Saúl Jiménez-Sandoval

~ By Dean Saúl Jiménez-Sandoval, originally published in The Fresno Bee

The President’s Commission for the Future of Arts and Humanities at Fresno State is tasked with engaging with the larger community, assessing the opportunities for advancing the College of Arts and Humanities and its students, and increasing the awareness of the value of the arts and humanities – their timeless relevance and capacity to transform individuals and enhance communities.

Through the commission, which was announced at President Joseph Castro’s State of the University speech last month, the community and university will unite in collaborative dialogue to achieve this charge.

As a regional leader in the arts, Fresno State is a catalyst for positive change that enhances Fresno’s current artistic revival. One of President Castro’s assignments to the commission is to explore how a comprehensive performing arts center can elevate all forms of art in our area.

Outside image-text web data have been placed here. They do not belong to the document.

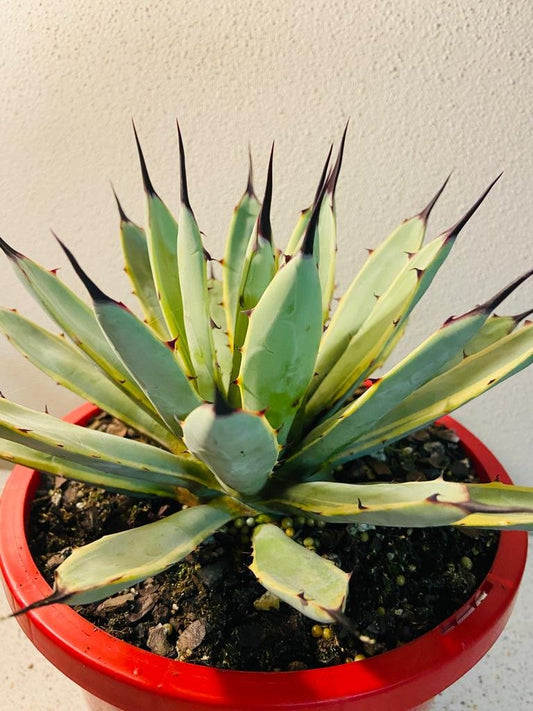 Agave Macrocantha Blue Ribbon #74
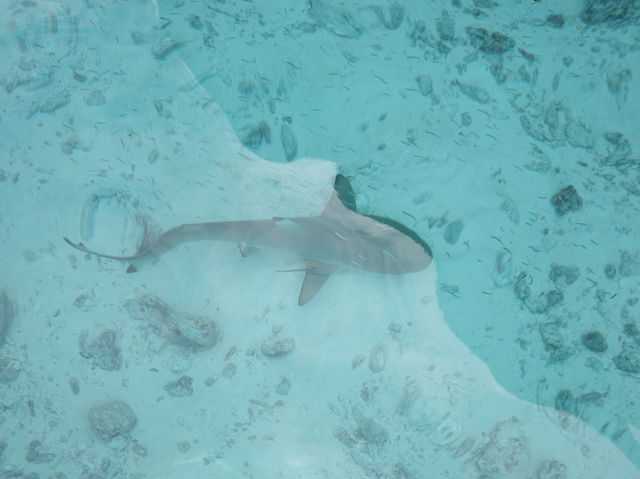 Centara Ras Fushi Resort & Spa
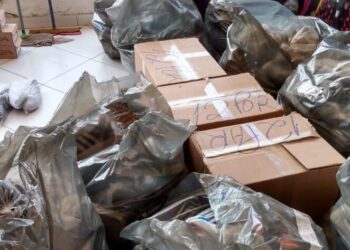 Polícia apreende mais de 3,5 mil pares de tênis falsificados na região da 44, em Goiânia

A performing arts center at Fresno State represents a unique opportunity for the Valley – a place where world-class acoustics, a gallery setting, and classroom and office spaces come together to enhance the quality of culture and life in the region and beyond. This academic and artistic venue would integrate the university and community in a venerable celebration of the arts.

For too long, modern society has perceived the arts as a luxury, when in reality the arts are a fundamental part of our everyday conception of ourselves as human beings. Their intrinsic value comes from their power to inspire reflection upon our world from a distinct moment that makes us feel, imagine and conceptualize a reality that defies the ordinary.

A performing arts center located in the heart of Fresno on Shaw Avenue will uplift Fresno State’s artistic pursuits while providing a venue worthy of showcasing the best of student and faculty talent.

Dance, theater and music, along with visual arts, merit a space on par with their level of excellence, which in turn can positively impact our entire Central Valley.

We envision visual and performing arts spaces integrated with academics: The performing arts center will house much-needed classroom and office space for disciplines in the humanities. The versatility of such a venue promises to meet longstanding needs of our university and community.

The exploration of a performing arts center is a manifestation of a greater commitment to the region. We have a golden opportunity to build a monument that will distinguish our university and our region, in that it will welcome and inspire every member of our rich, diverse community.

The performing arts center clearly reflects the mission of the College of Arts and Humanities, because we fashion creative communities across all disciplines. This inner growth is not artistic per se; it’s related to every human endeavor we undertake.

Together, artists and audiences create a unique philosophical and artistic interpretation of the world, whether in the form of a poem, novel or essay, or that of a photograph, painting, sculpture, performance, broadcast or song.

The arts and humanities provide us with the tools necessary to exercise our creativity and critical thinking skills and enhance all of our complex cognitive skills with the power to visualize our lives beyond the moment.

Because art is a conversation through which the spectator experiences and contributes to a heightened understanding, the performing arts center is the means through which creative production reaches beyond itself.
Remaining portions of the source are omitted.